╔══

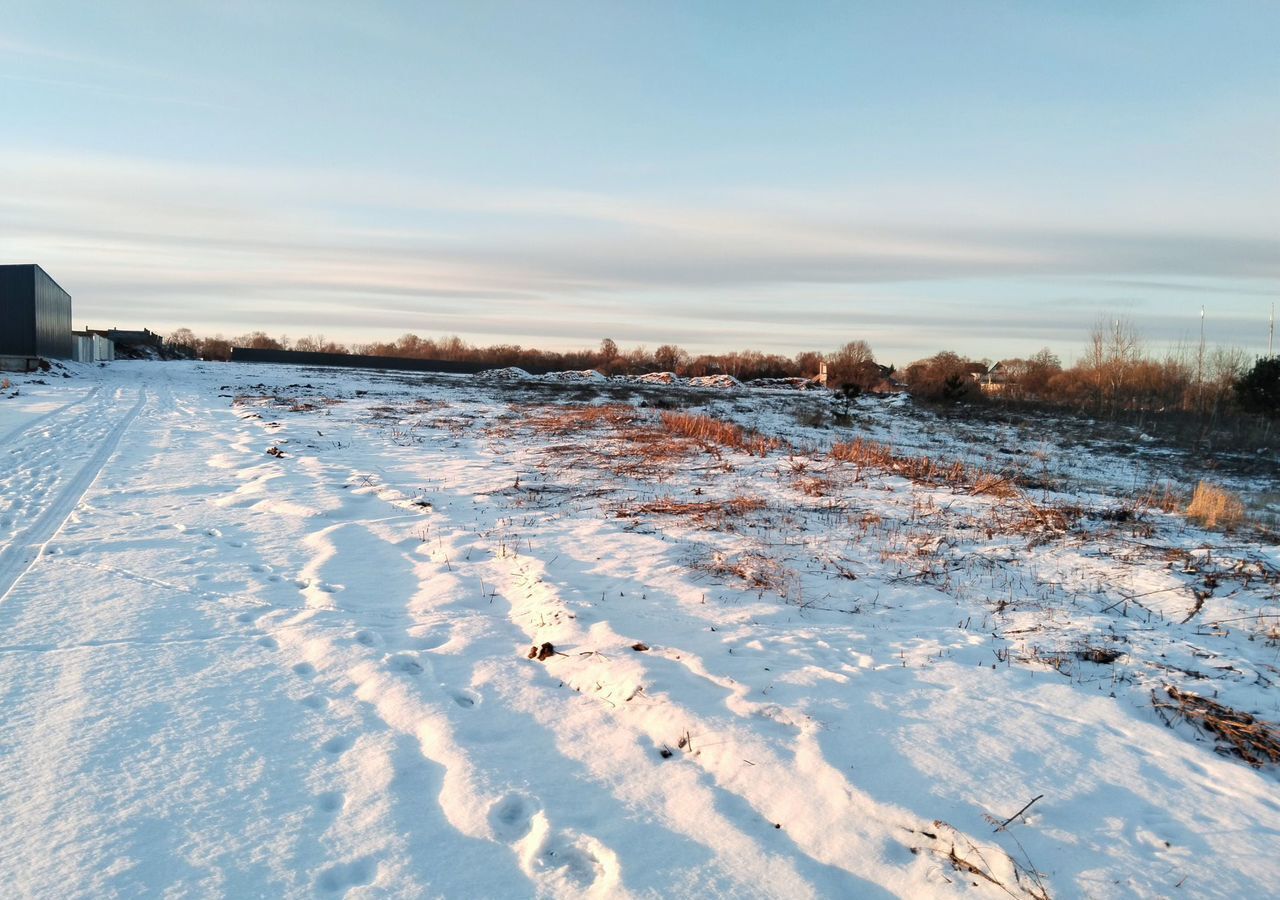 земля городской округ Домодедово 36 км, с. Растуново, Новокаширское шоссе фото 4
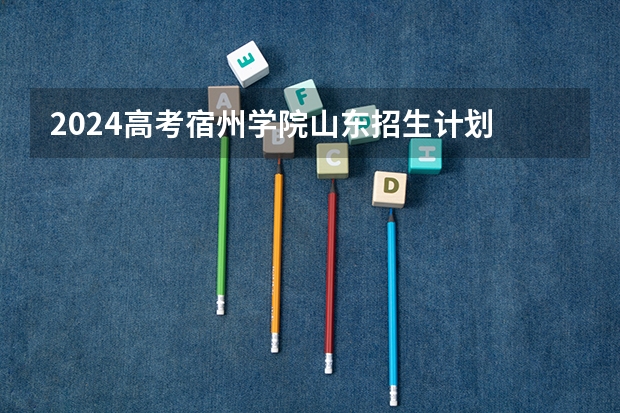 2024高考宿州学院山东招生计划 招多少人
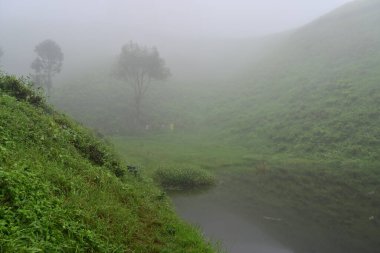 Güzel sisli ve sisli muson bahçeleri. Darjeeling, Batı Benga, Hindistan.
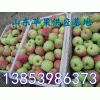 13853986373山东嘎啦/美八苹果产地直销价格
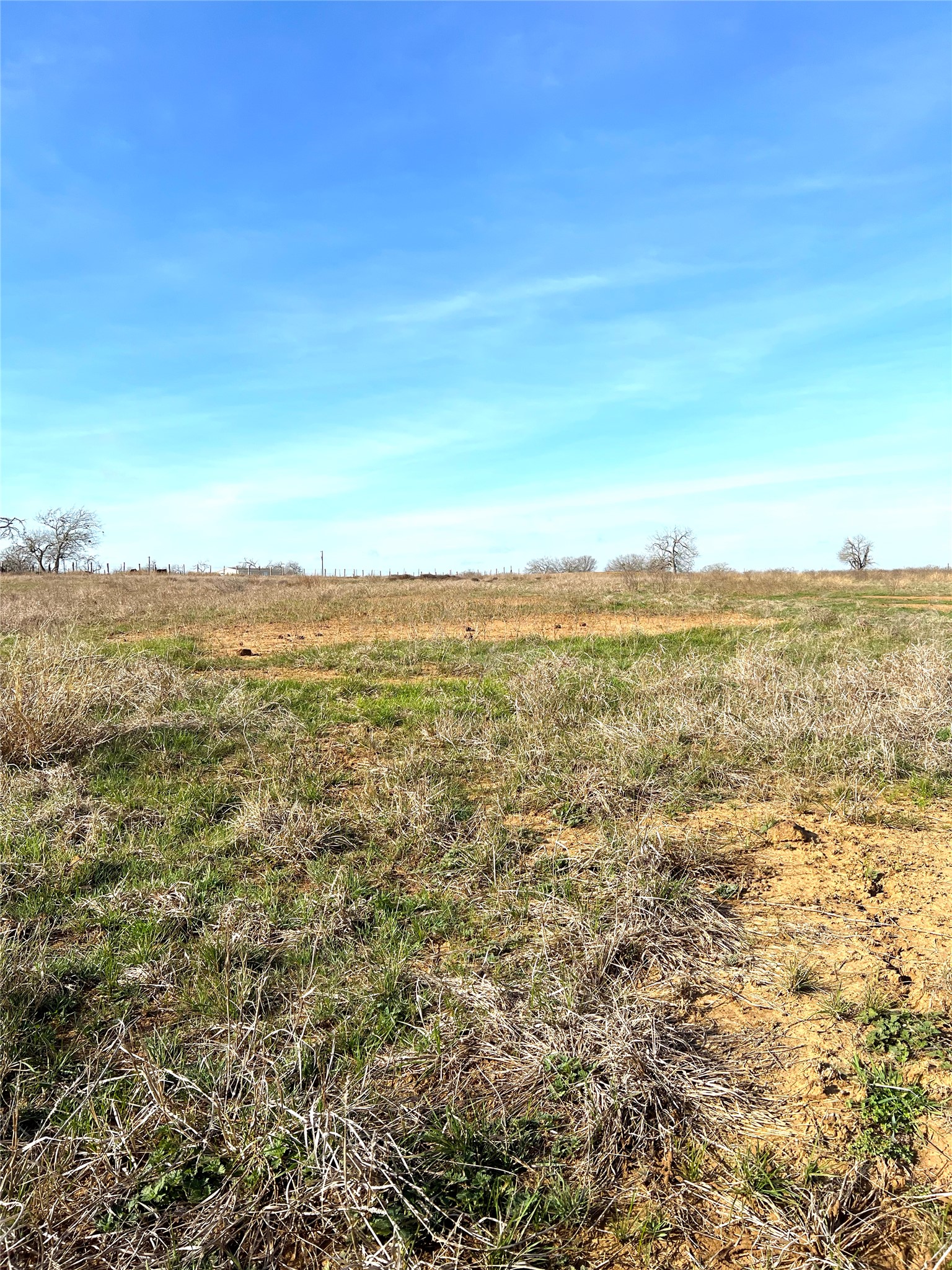 5165 Tenney Creek Road Luling, TX 78648 - Photo 19 of 25 View of local wilderness with rural landscape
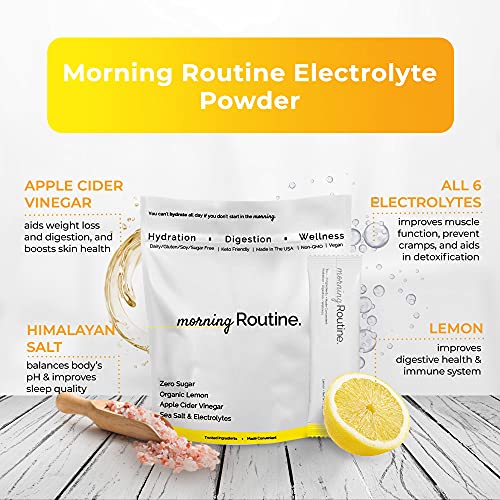 Routine Morning Daily Hydration | Electrolyte Powder Packets With Apple Cider Vinegar, Lemon And Sea Salt | Hydrate Powder, Electrolyte Drink Mix | Keto & Paleo Electrolytes Hydration Powder - 30 Ct #TOP4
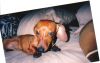 Filename=coco3.jpg
Filesize=103KB
Dimensions=964x615
Date added=Aug 28, 2005 coco3.jpg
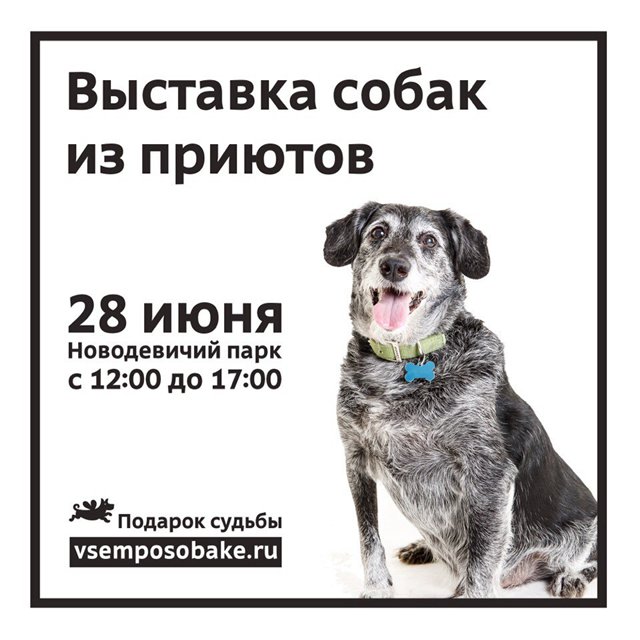 Выставка бездомных собак из московских приютов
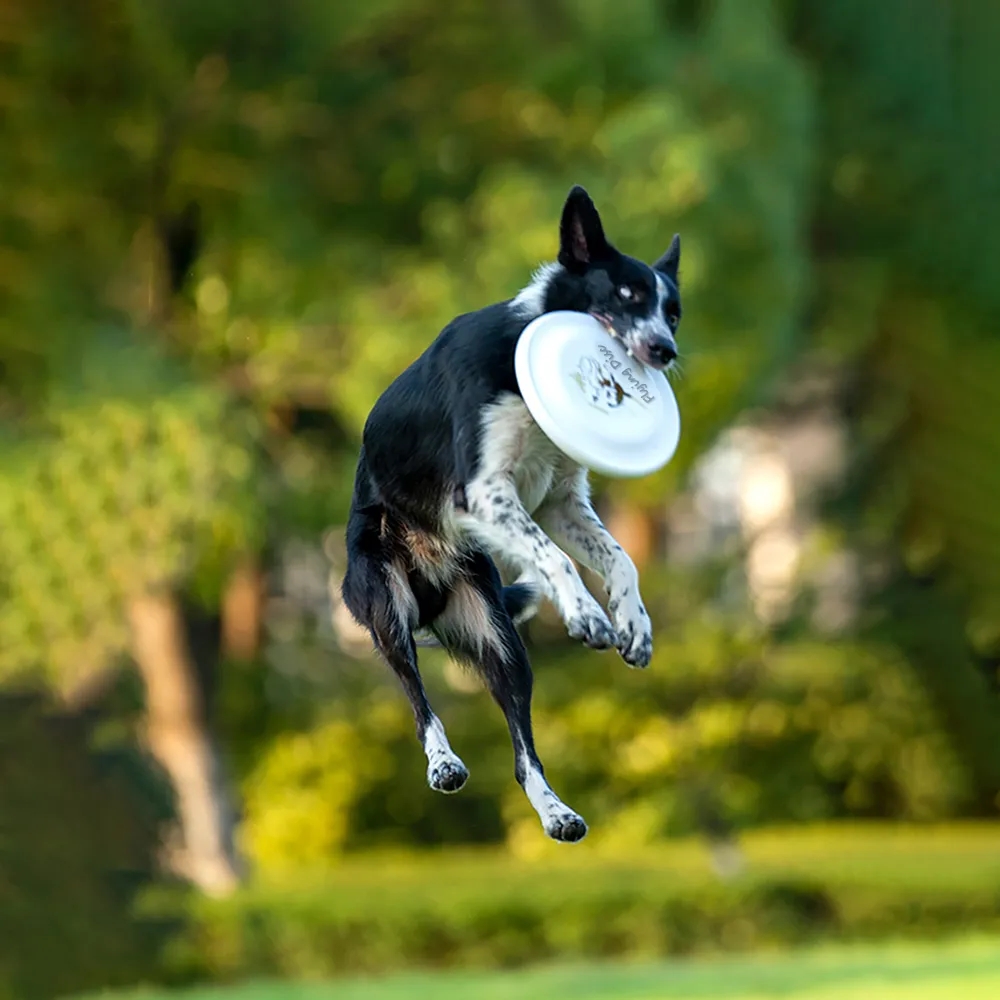 World's Toughest Canine Competition Dog Flying Disc Toy Pets 8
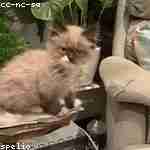 Нелли Овчинников Profile Picture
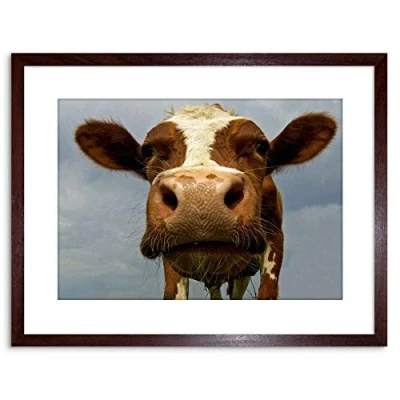 Image of Wee Blue Coo 9x7 &#039;&#039; FUNNY COW FARM ANIMAL CLOSE UP FRAMED ART PRINT PICTURE PHOTO F97X362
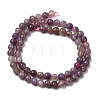 Natural Plum Blossom Tourmaline Beads Strands G-I355-01A-02-6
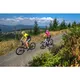 Mountain E-Bike Crussis e-Atland 5.6 - model 2021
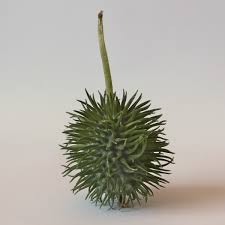 Image result for Cucumis hirsutus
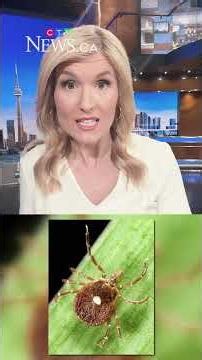 Tick reports are surging in Canada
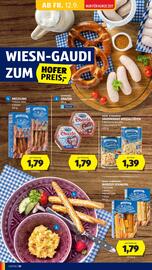 Hofer Flugblatt woche 37 Seite 12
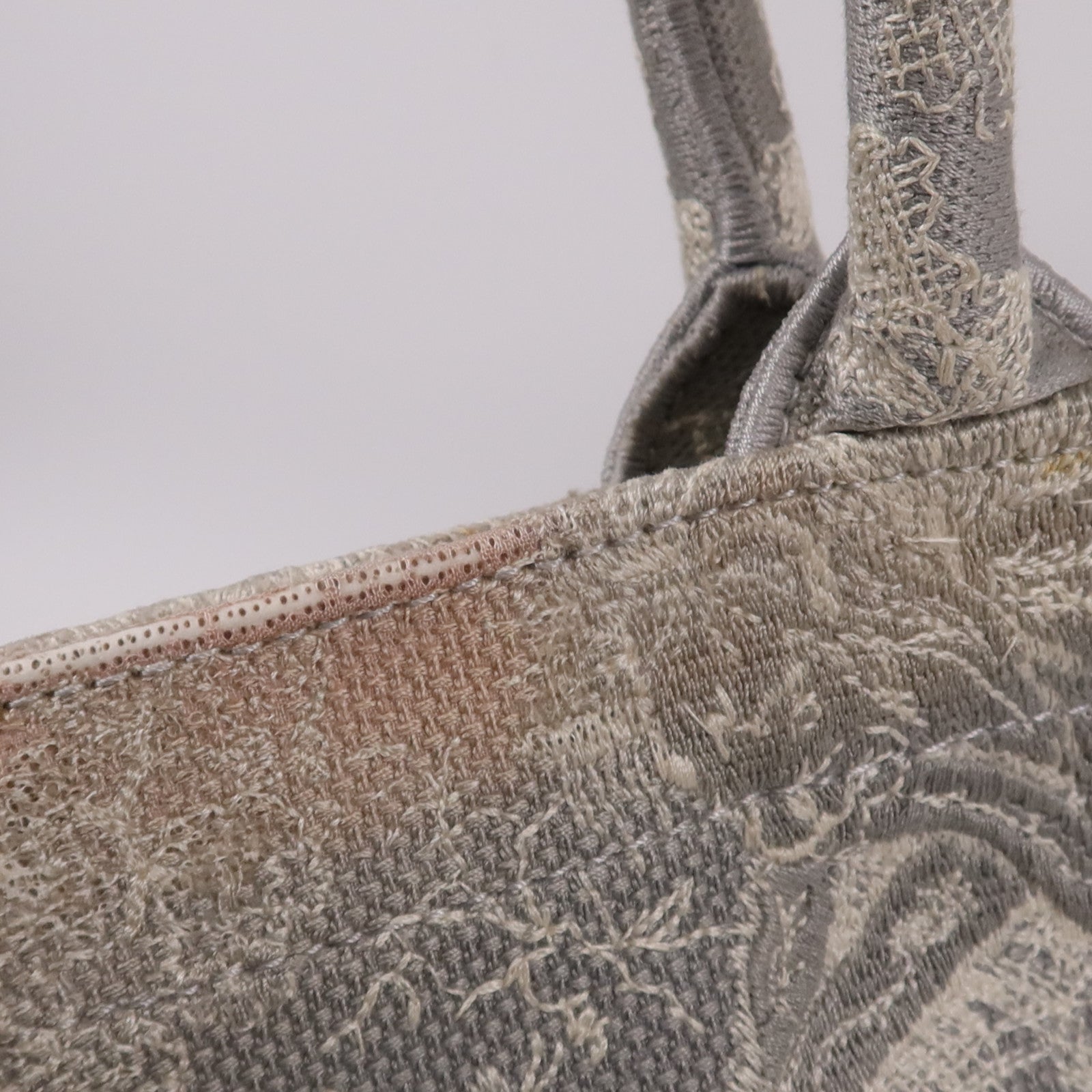 Dior 帆布Book Tote手挽袋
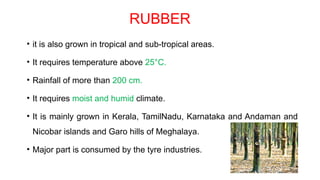 RUBBER
• it is also grown in tropical and sub-tropical areas.
• It requires temperature above 25°C.
• Rainfall of more than 200 cm.
• It requires moist and humid climate.
• It is mainly grown in Kerala, TamilNadu, Karnataka and Andaman and
Nicobar islands and Garo hills of Meghalaya.
• Major part is consumed by the tyre industries.
 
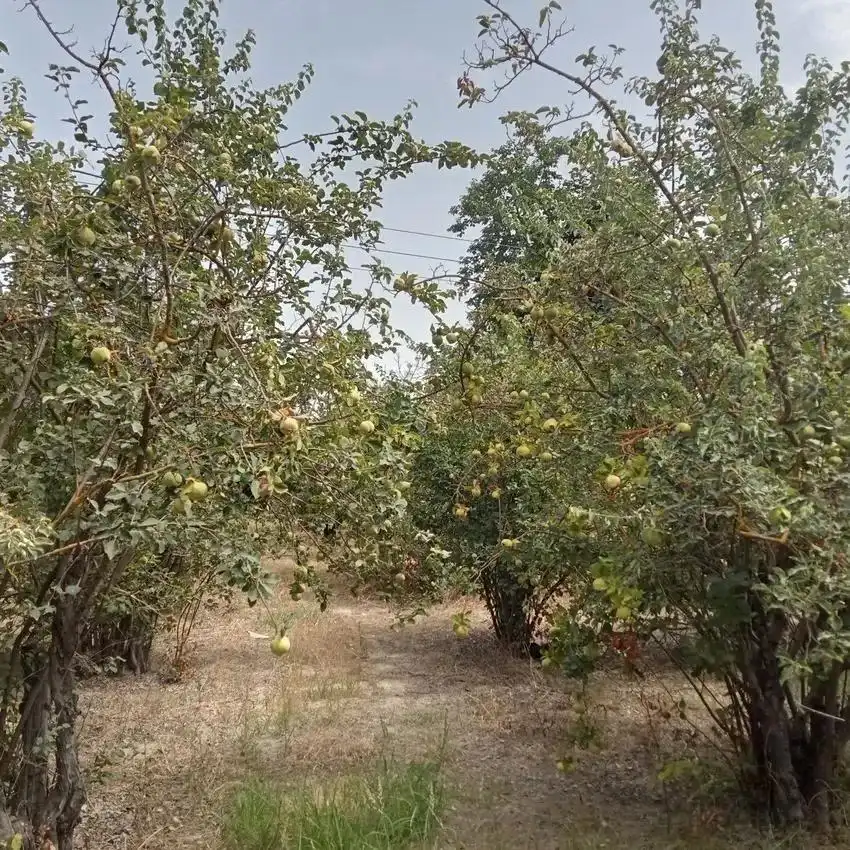 Casa o xalet en venda en Priego de Córdoba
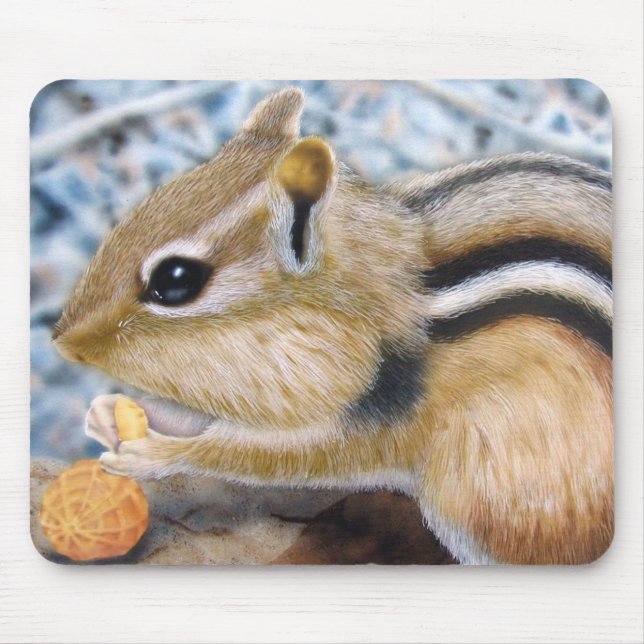 Chipmunk Musmatta (Framsidan)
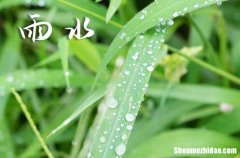 2024年雨水结婚好不好 2024雨水当天是结婚吉日吗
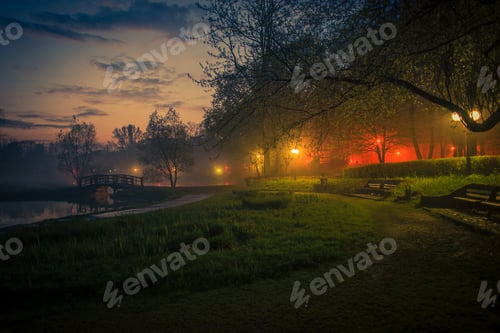 Preview: Mystery Fog in the City Park
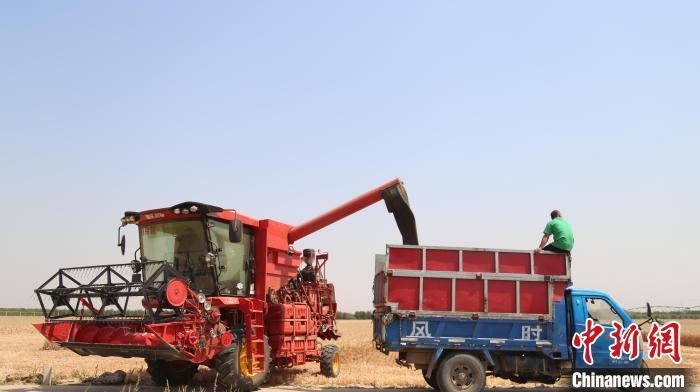 图为馆陶县柴堡镇东广才村黑小麦种植基地黑小麦收割现场。　郭江鹏 摄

╚══

Print each line of the listing exactly and include no pictures.

Answer:
 земля городской округ Домодедово 36 км, с. Растуново, Новокаширское шоссе фото 4
 2024高考宿州学院山东招生计划 招多少人
 Güzel sisli ve sisli muson bahçeleri. Darjeeling, Batı Benga, Hindistan.
 13853986373山东嘎啦/美八苹果产地直销价格
 5165 Tenney Creek Road Luling, TX 78648 - Photo 19 of 25 View of local wilderness with rural landscape
 Routine Morning Daily Hydration | Electrolyte Powder Packets With Apple Cider Vinegar, Lemon And Sea Salt | Hydrate Powder, Electrolyte Drink Mix | Keto & Paleo Electrolytes Hydration Powder - 30 Ct #TOP4
 Filename=coco3.jpg
Filesize=103KB
Dimensions=964x615
Date added=Aug 28, 2005 coco3.jpg
 Выставка бездомных собак из московских приютов
 World's Toughest Canine Competition Dog Flying Disc Toy Pets 8
 Нелли Овчинников Profile Picture
 Image of Wee Blue Coo 9x7 &#039;&#039; FUNNY COW FARM ANIMAL CLOSE UP FRAMED ART PRINT PICTURE PHOTO F97X362
 Natural Plum Blossom Tourmaline Beads Strands G-I355-01A-02-6
 Mountain E-Bike Crussis e-Atland 5.6 - model 2021
 Image result for Cucumis hirsutus
 Tick reports are surging in Canada
 Hofer Flugblatt woche 37 Seite 12
 Dior 帆布Book Tote手挽袋
 RUBBER
• it is also grown in tropical and sub-tropical areas.
• It requires temperature above 25°C.
• Rainfall of more than 200 cm.
• It requires moist and humid climate.
• It is mainly grown in Kerala, TamilNadu, Karnataka and Andaman and
Nicobar islands and Garo hills of Meghalaya.
• Major part is consumed by the tyre industries.
 
 Casa o xalet en venda en Priego de Córdoba
 Chipmunk Musmatta (Framsidan)
 2024年雨水结婚好不好 2024雨水当天是结婚吉日吗
 Preview: Mystery Fog in the City Park
 图为馆陶县柴堡镇东广才村黑小麦种植基地黑小麦收割现场。　郭江鹏 摄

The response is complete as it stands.